In anderen in der Ausstellung gezeigten Malereien finden sich schwerelos schwebende Muscheln und Fossilien mit tentakelartigen Auswüchsen abgebildet, von der Künstlerin akribisch genau vor nahezu neutralem, blauem Hintergrund wiedergegeben. Das Blau wirkt wie ein Sog, zieht die Betrachter*in magisch an und verleiht ihr/ihm das Gefühl, in das Bild gleichsam physisch einzutauchen. Einige davon sind mit Jeans Cut-outs versehen – die ebenfalls an Schlingpflanzen erinnern –, als Zeichen dafür, den imaginären Bildraum zu erweitern.

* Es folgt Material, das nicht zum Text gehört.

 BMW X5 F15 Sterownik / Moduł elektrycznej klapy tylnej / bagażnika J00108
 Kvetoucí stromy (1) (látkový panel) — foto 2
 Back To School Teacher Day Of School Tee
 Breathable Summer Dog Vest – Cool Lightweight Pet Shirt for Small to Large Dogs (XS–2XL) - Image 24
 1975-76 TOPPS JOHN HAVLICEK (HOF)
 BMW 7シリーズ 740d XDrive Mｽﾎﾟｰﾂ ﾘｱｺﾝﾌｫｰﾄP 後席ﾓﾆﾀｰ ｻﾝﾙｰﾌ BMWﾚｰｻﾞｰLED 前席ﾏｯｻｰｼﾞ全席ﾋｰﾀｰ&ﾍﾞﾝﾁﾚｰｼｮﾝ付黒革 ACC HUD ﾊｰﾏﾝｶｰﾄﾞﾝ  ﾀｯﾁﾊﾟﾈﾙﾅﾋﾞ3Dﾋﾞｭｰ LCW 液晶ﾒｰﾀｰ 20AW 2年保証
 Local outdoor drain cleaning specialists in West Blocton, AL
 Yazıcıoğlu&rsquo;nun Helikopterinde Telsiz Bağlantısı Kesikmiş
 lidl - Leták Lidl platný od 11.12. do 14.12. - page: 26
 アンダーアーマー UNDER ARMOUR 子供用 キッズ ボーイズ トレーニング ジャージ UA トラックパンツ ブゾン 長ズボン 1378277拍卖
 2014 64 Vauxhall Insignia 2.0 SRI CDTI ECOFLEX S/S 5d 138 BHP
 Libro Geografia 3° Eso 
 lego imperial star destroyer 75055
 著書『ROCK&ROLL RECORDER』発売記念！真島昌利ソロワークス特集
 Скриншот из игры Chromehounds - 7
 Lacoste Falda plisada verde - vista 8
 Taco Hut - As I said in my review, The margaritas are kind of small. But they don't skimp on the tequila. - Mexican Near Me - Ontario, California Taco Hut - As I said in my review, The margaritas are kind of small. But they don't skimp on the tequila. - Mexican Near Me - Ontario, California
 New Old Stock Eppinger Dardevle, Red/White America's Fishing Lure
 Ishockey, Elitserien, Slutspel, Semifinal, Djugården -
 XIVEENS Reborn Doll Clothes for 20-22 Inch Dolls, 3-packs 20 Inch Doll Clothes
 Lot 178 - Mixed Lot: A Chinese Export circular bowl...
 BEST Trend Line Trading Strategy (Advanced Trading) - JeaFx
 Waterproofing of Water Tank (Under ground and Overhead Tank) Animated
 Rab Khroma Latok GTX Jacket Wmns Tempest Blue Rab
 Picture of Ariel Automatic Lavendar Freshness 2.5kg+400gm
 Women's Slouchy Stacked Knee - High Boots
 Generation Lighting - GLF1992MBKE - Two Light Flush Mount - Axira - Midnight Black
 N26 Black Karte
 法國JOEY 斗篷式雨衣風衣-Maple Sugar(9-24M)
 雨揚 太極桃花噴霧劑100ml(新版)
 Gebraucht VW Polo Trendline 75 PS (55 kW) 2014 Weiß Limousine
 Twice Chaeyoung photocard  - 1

Frauke Alina Becker umkreist aber nicht nur Fragen der Wahrnehmung und Darstellbarkeit oder das komplexe und ambivalente Verhältnis zwischen Natur und Kultur. Elementar ist darüber hinaus die Erforschung zentraler Aspekte des menschlichen Zusammenlebens wie Berührung, Bewegung, Nähe und Distanz, und welche Bedeutung und Wirkung diesen zukommt. Besonders deutlich wird dies anhand ihrer mit einzelnen Worten und Texten kombinierten Malereien und Zeichnungen. Während in den Malereien die fragmentarischen Texte in einem Feld am seitlichen oder unteren Rand erscheinen, erstrecken sie sich in den – zum Teil in Harz gegossenen – Zeichnungen oft über die gesamte Bildfläche hinweg. Immer wieder fügen sich schlingende, organisch geformte Buchstaben mit nach außen hin zackig ausfransenden Umrisslinien zu einzelnen Wörtern oder Textfragmenten wie „Come close“, „together“ oder „I licked it, so it’s mine“ zusammen, immer wieder geht es um Körperteile oder es wird zu einer spezifischen Handlung aufgefordert. Gleichzeitig lassen sie Raum, lassen sie Dinge ungesagt und entziehen sich einer Eindeutigkeit. Auf diese Weise werden bestimmte, teils widersprüchliche Emotionen ausgelöst, fragmentarische Gefühlswelten evoziert, der Blick wird auf das mehrdeutige Potenzial der Sprache gelenkt, ihre vielen möglichen Bedeutungen, Bilder und Assoziationen.
Frauke Alina Beckers Arbeiten lassen sich vor allem auch als Metaphern sowohl für das menschliche Zusammenleben als auch die fragile Koexistenz von Natur und Kultur lesen. Ähnlich wie Schlingpflanzen, die in Anpassung an ihre Umgebung nach oben oder unten, zur Seite oder im Kreis wachsen, befinden auch wir uns in unseren Beziehungen zu anderen und zur Natur in einem ständigen Transformationsprozess. Wir sind Teil eines stetigen Wandels, bedingt durch neue Technologien und viele andere persönliche und gesellschaftliche Entwicklungen, die – wie schon der Ausstellungstitel „flex“ suggeriert – eine laufende Anpassung erfordern.